* **Data excerpts**:
-- Opening Marker --

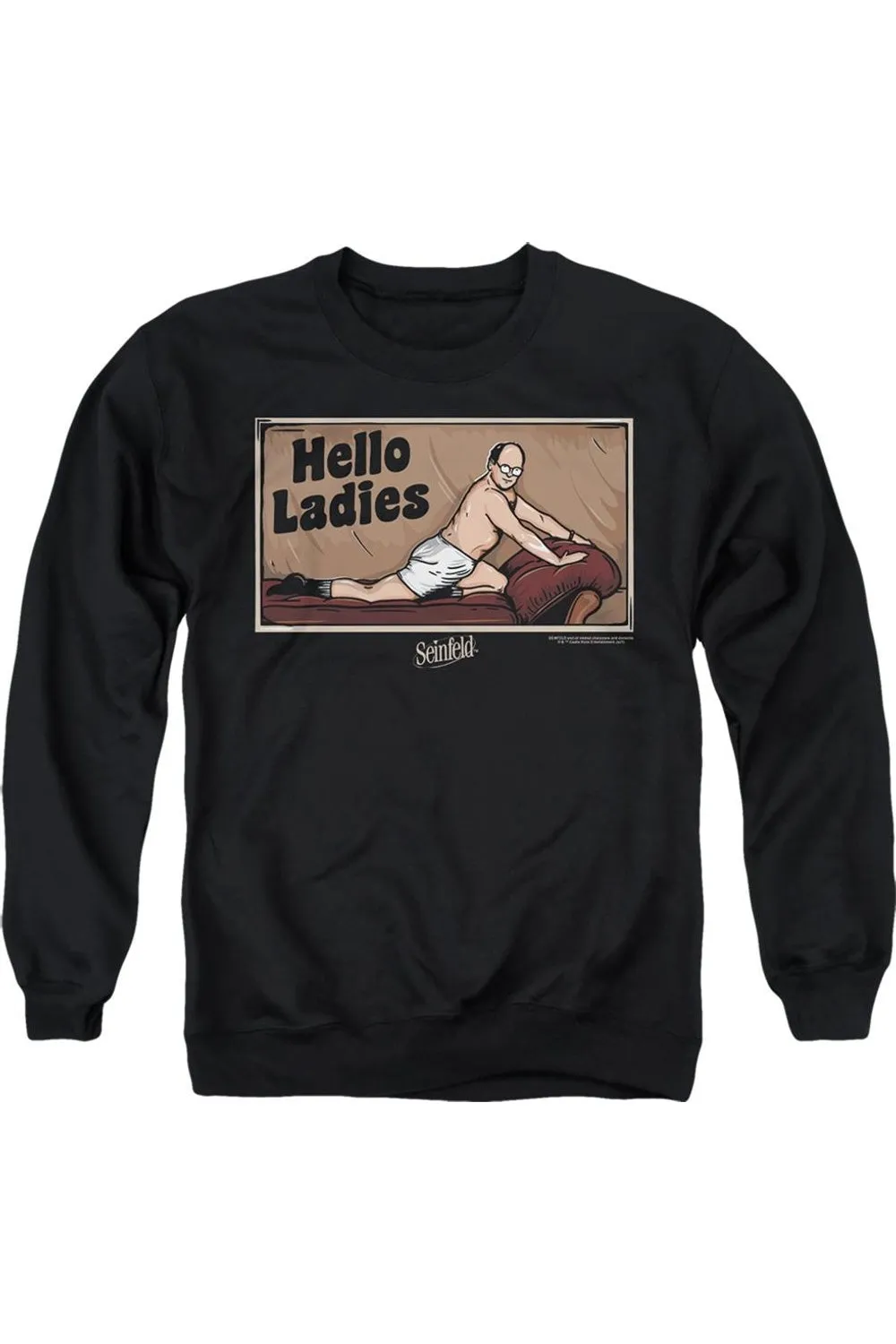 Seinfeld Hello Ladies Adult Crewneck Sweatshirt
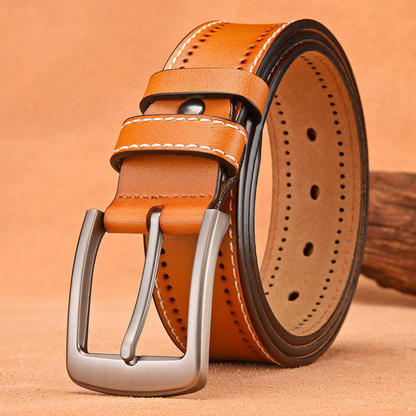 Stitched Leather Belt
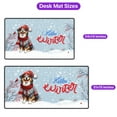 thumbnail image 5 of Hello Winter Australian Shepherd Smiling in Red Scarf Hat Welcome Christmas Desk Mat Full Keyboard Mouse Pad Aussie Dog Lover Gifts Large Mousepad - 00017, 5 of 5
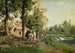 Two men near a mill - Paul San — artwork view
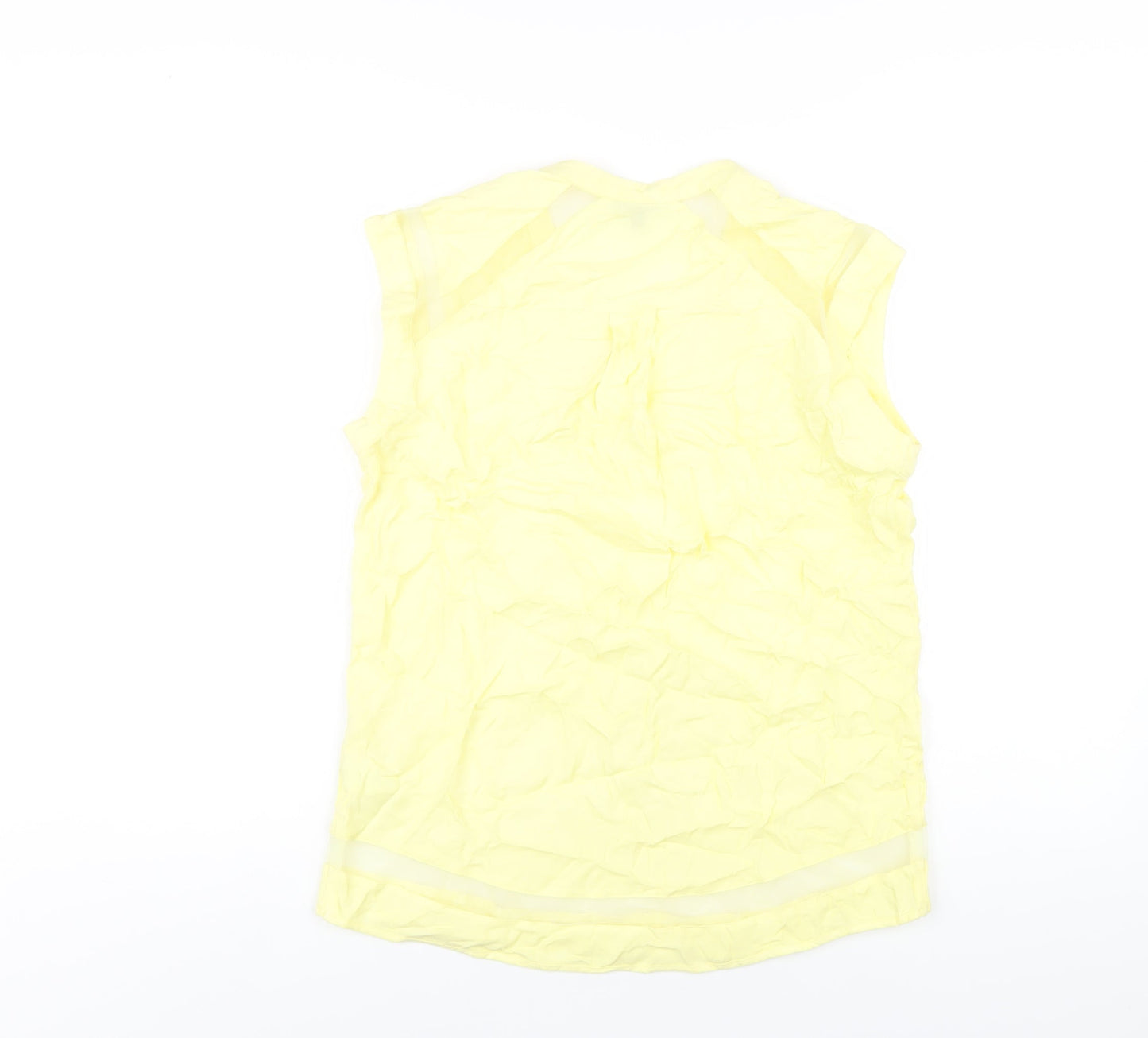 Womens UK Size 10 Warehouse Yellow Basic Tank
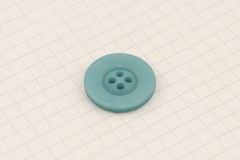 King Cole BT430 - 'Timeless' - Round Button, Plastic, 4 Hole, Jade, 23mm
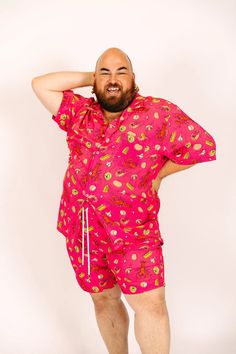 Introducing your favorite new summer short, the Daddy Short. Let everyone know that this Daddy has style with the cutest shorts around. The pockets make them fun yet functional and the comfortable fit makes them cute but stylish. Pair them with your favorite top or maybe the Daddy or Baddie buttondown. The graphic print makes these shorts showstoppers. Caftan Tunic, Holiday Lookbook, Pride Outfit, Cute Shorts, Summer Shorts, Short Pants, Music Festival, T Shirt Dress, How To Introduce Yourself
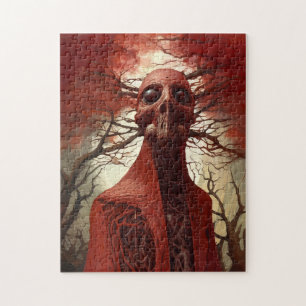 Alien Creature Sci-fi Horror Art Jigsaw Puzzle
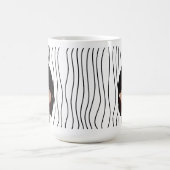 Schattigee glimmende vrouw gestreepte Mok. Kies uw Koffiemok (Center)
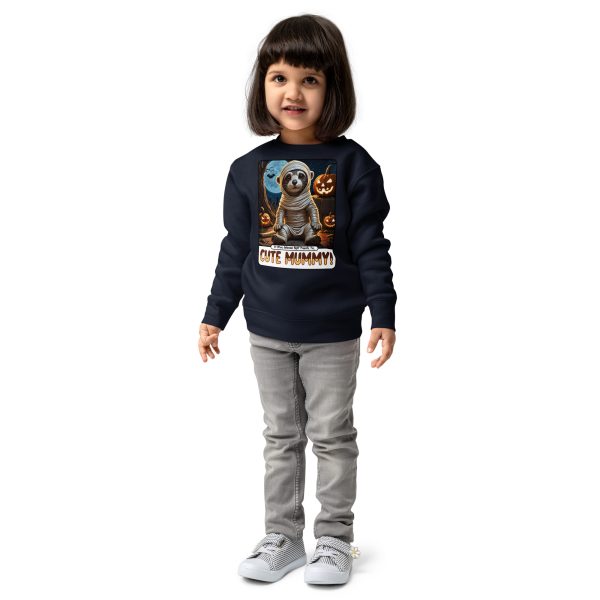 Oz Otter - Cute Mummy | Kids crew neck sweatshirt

-- Closing Marker --

All that should be printed is the lines from the one containing "Schattigee glimmende vrouw" through the last line of the material above, both ends included, exactly as they stand; please skip the pictures.

 Schattigee glimmende vrouw gestreepte Mok. Kies uw Koffiemok (Center)
 Oz Otter - Cute Mummy | Kids crew neck sweatshirt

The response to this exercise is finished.